史明很坦白的告訴我:「福佬話是我外嬤和我交談的話,也唯有她和我講福佬話。我媽為了讓我徹底融入日本文化,從我小時候就特別費心管教,她不跟我講福佬話,甚至我讀了一年的公學校,她還要我轉到日本學生讀的小學校,重讀一次一年級。我沒有學過中文的漢字,我學的漢字是日文的漢字,因此,我的福佬話是沒有字的。」
「沒字啦!」史明說。我還記得他講這話時的表情。
頓時間,我才領悟到為何《台灣人四百年史》經過那麼多年才中譯完成,原著出版於1962年,中文版出版於1980年。日文漢字的意涵、用法及組句方式等,和中文常常出入頗大,《台灣人四百年史》中文版的不易閱讀,是公認事實,那是一種介於日文與中文之間的、有點尷尬的漢文。
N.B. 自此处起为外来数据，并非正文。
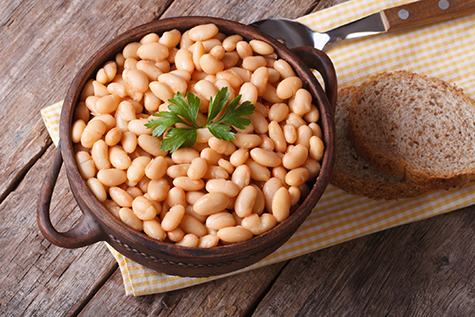 cooked white kidney beans in a bowl horizontal top view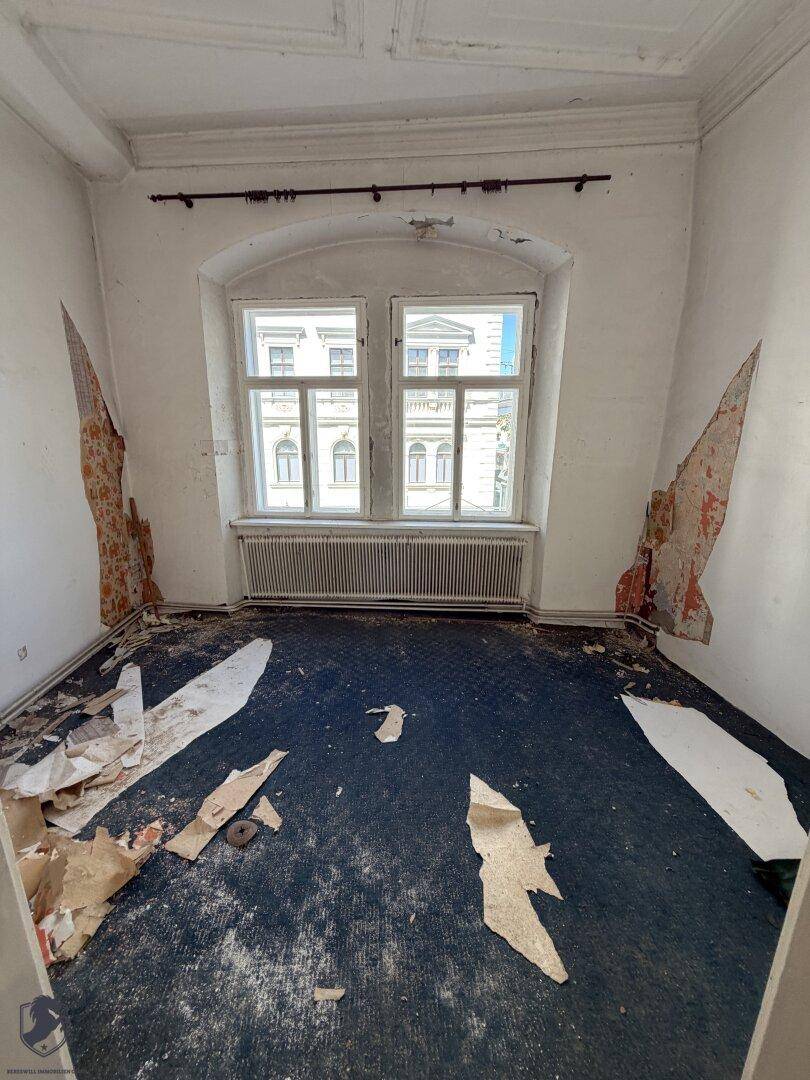 Leerer Raum mit Teppichboden, zwei Fenstern und abblätternder Wandfarbe, renovierungsbedürftig.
我有一個老師,做過民進黨政府很高的官,本身是政治學科班出身,當我盛讚史明譯自己書的毅力卓絕時,他不大以為然的說:「在美國,台灣去的、支持台灣政治改革的人,幾乎家裡都有一本《台灣人四百年史》,但是真正曾經去讀它的人應該很少。其實史明找個日、中文俱佳的人翻譯一下就好了。自己硬這樣翻譯,是自找麻煩的千古愚行。」
「千古愚行」或許說得重了些,是不是史明對自己的著作期待太深,以致於有超過能力的嘗試?我不敢說我的老師講得毫無道理,總希望或許有一天,《台灣人四百年史》會有個新的中譯本,讓台灣可以留下一部精確的珍貴歷史詮釋。
史明那個年代的台灣知識份子,多是受日文教育長大,唯有少數人自學中文,可是中文好到可以表達成為文章,甚至寫書,還真是鳳毛麟角,例如李榮春、鍾肇政或葉石濤吧。吳濁流的重要著作多是日文寫成,張文環也是,即使生活在國民黨統治下多年,張在去世前勉力完成的大河小說《滾地郎》,也是日文寫就並在日本出版,而後才有中譯本,等等。
13年後重讀這些史明回憶錄整理,我感到史明受到完整的日本教育,也未嘗不是一種祝福,如果台灣停留在屯墾時代,史明頂多就是讀點四書五經,絕不可能培養出恢弘的世界觀。看看他羅列的台北一中(建國中學前身)老師陣容,你會覺察他的那份驕傲:
北一中教師當然全是日本人,他們的職等是高等官或判任官,等於簡任官或薦任官,如果不是大學畢業,就是等同大學畢業資格,都屬一流的學者教師。譬如羽生功(教英文,東京帝國大學畢業)、寺西正衛(教英文,大阪外語學校畢業)、藤下理周(教數學,日本物裡學校畢業)、土屋員安(教歷史,東京帝國大學畢業)、阿部喜三雄(教日文,東京帝國大學畢業)、井島六助(教日文、漢文,東京高等師範畢業)、山崎雄造(教物理、化學,日本物理學校畢業)、塩月善吉(教繪畫,東京美術學校畢業)等等,都是學術精良的知識份子。──原稿第五章
史明從1952年從台灣流亡日本及美國,到1993年回台灣之後,每年總要回日本做全身健檢,似乎對日本的醫療水準信心較高,大概也是基於成長過程中對於日本教育為他奠定優良的知識基礎印象太好所致。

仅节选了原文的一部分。